**EXERCISE DIRECTIONS**
Nothing but the lines from the start of the entries through the line holding "CHEVROLET SILVERADO 2015 1gcrcreh6fz444764" is to be repeated, exactly and with pictures excluded.
[[ THE DATA, beginning ]]
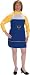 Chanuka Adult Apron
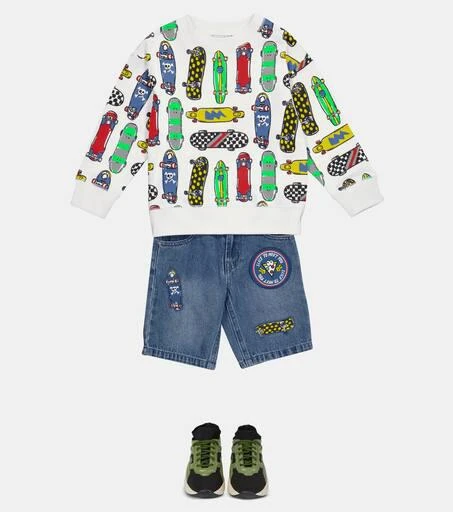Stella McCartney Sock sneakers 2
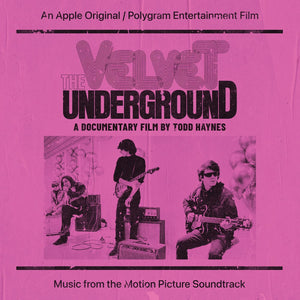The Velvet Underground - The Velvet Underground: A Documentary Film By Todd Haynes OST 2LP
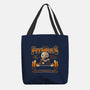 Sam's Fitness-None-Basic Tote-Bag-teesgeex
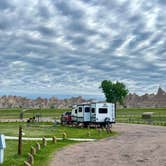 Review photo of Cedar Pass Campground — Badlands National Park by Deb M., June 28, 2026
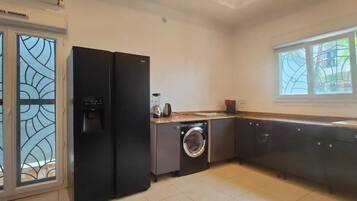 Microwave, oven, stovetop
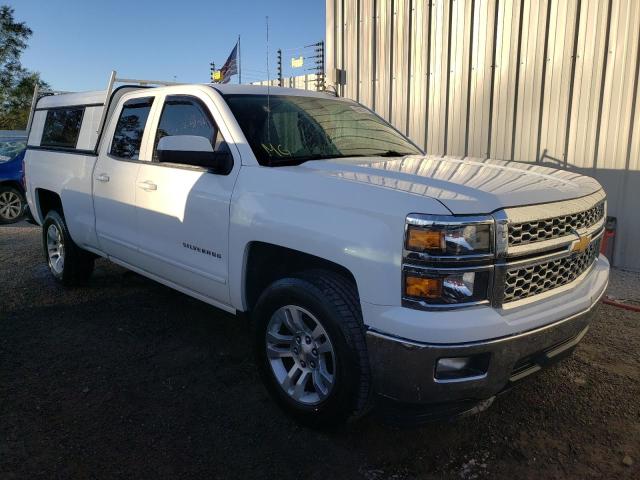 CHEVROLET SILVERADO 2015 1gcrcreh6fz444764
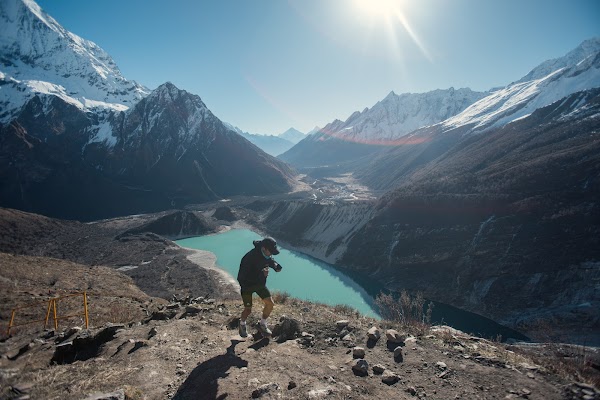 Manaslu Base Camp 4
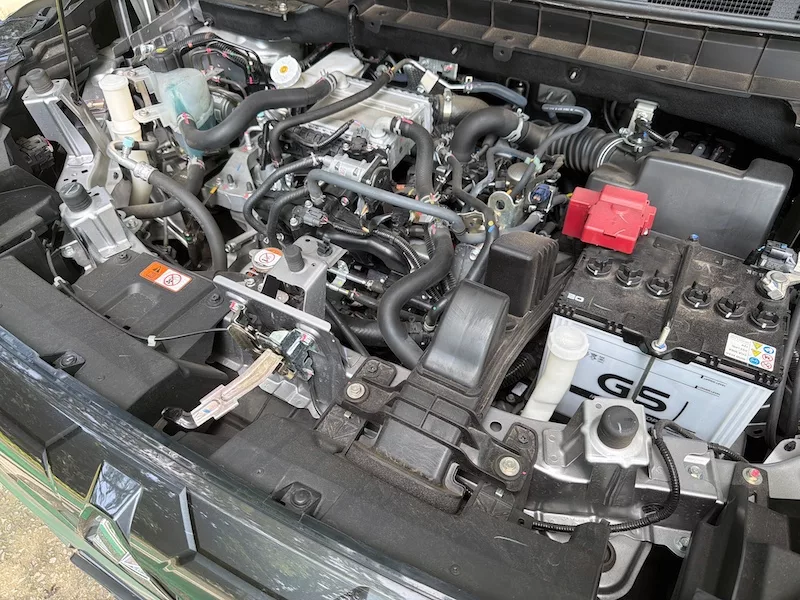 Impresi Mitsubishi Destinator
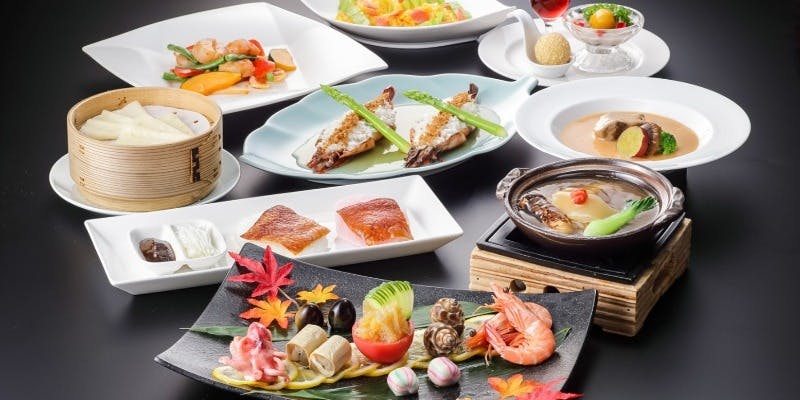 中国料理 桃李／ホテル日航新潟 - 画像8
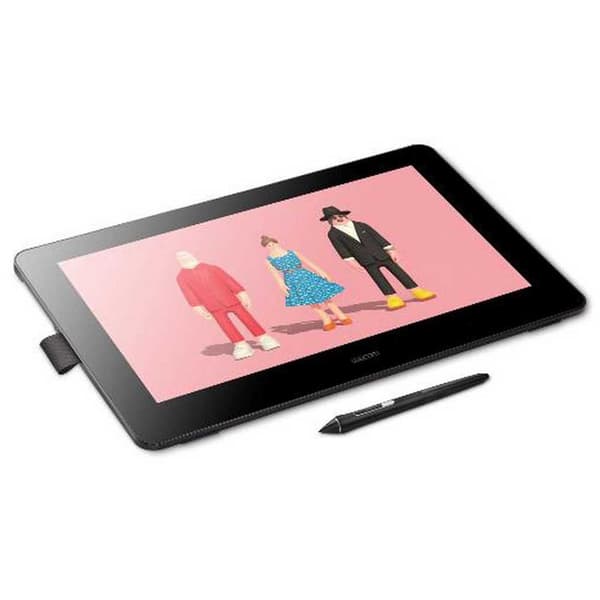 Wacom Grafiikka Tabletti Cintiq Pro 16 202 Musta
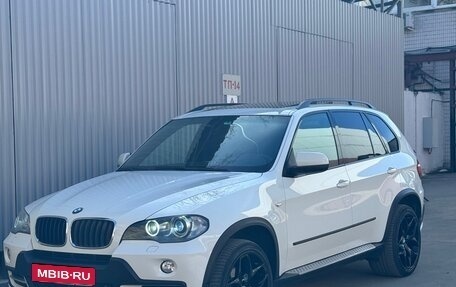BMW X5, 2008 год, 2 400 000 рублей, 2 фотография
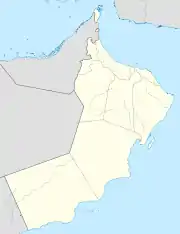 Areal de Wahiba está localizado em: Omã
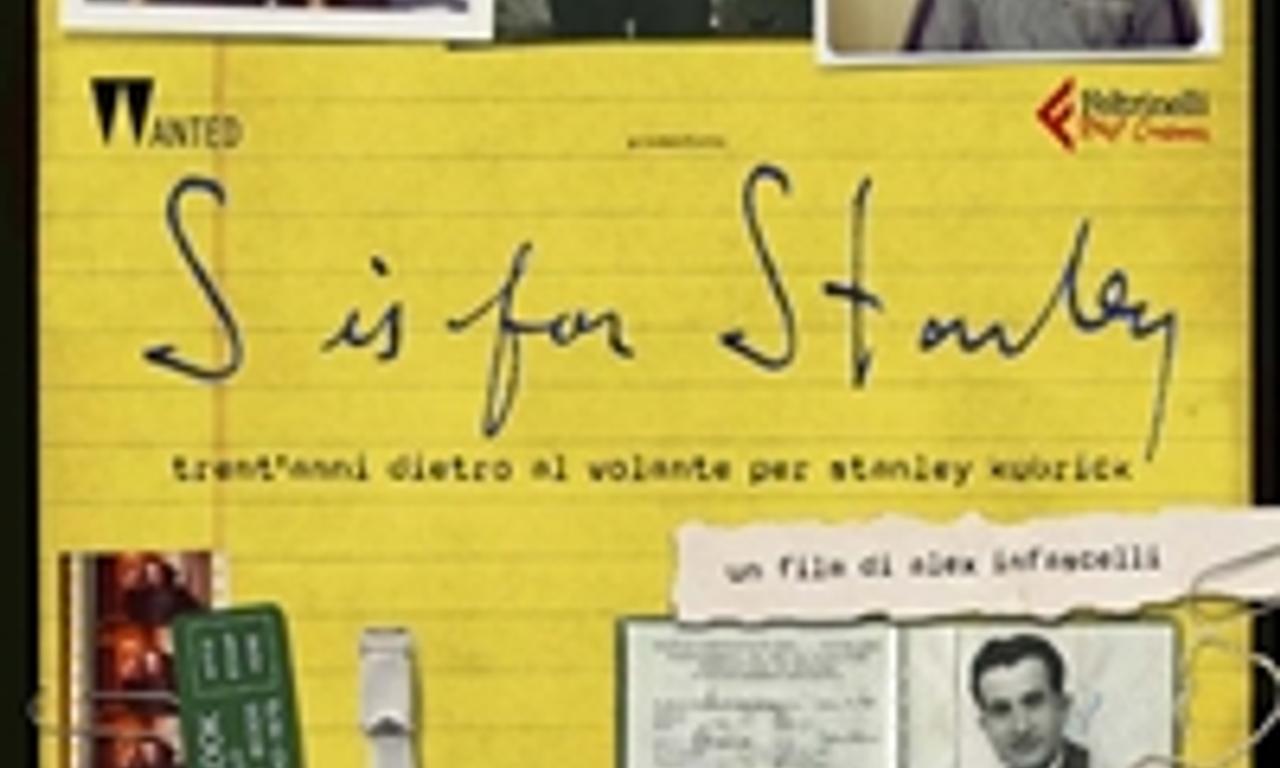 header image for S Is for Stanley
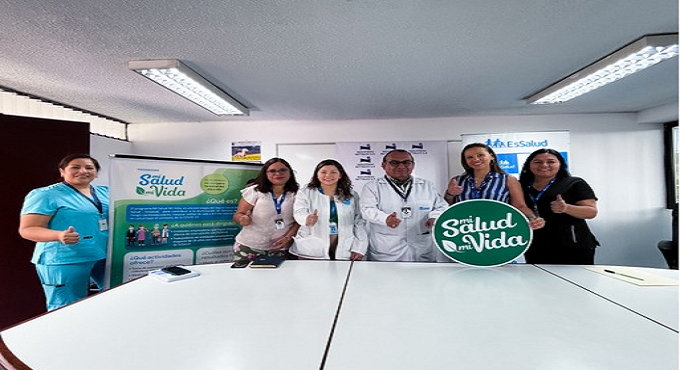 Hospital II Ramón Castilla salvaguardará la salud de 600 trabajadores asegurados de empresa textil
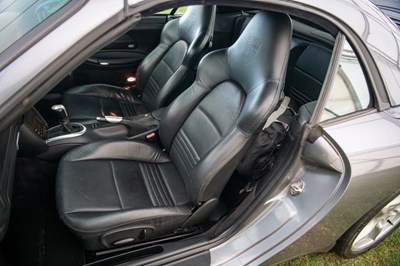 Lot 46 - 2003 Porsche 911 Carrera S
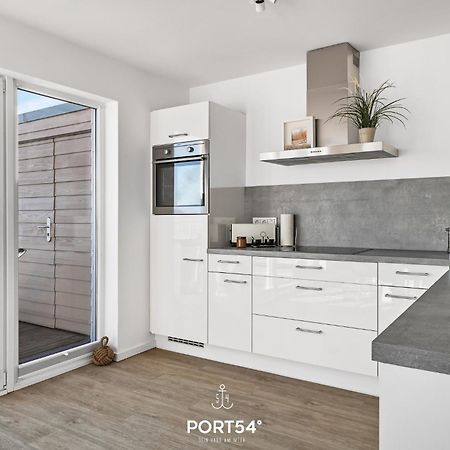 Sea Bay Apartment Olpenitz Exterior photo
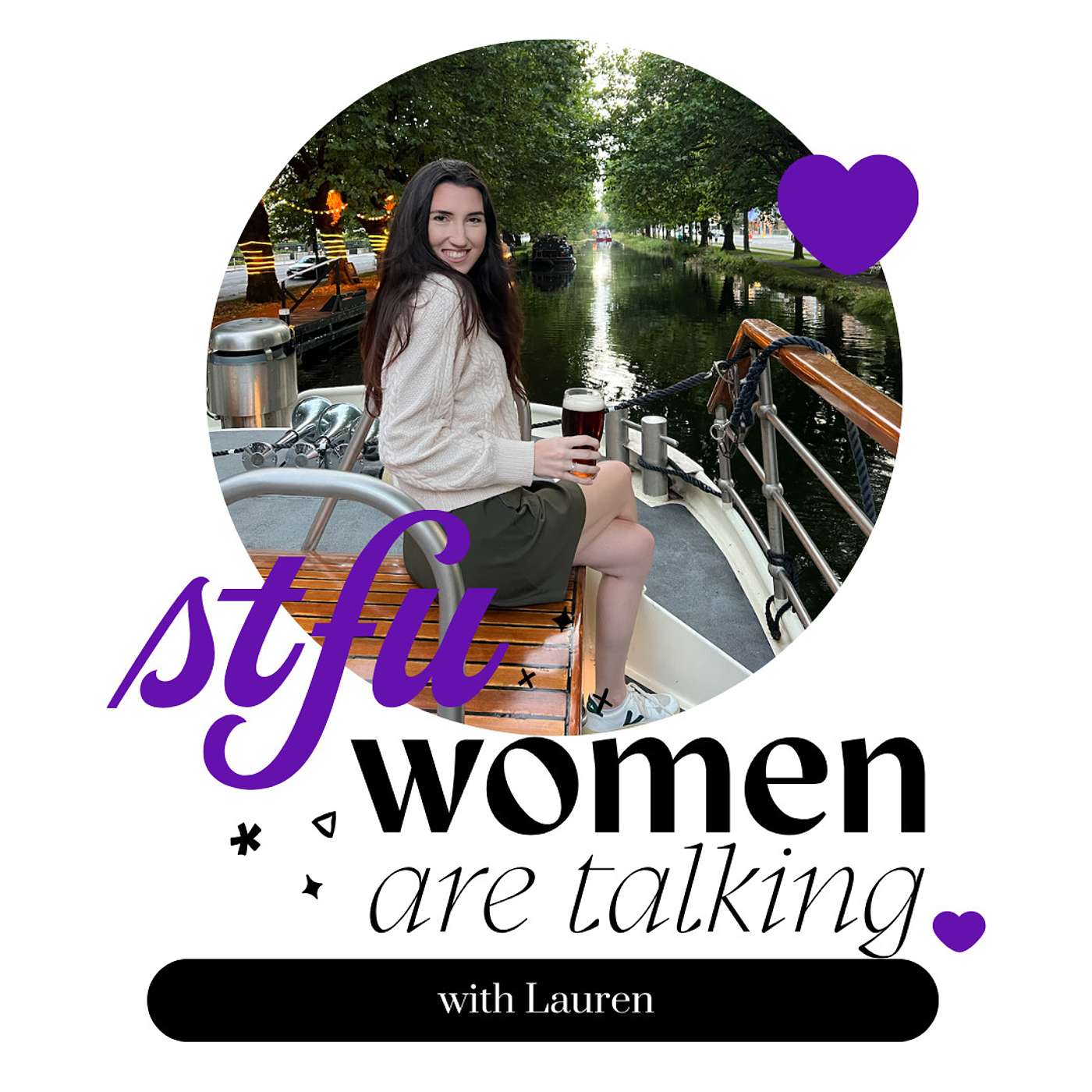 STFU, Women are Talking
[[ THE DATA, end ]]
**REPLY**
 Chanuka Adult Apron
Stella McCartney Sock sneakers 2
The Velvet Underground - The Velvet Underground: A Documentary Film By Todd Haynes OST 2LP
 Sam's Fitness-None-Basic Tote-Bag-teesgeex
 Review photo of Cedar Pass Campground — Badlands National Park by Deb M., June 28, 2026
 Microwave, oven, stovetop
 CHEVROLET SILVERADO 2015 1gcrcreh6fz444764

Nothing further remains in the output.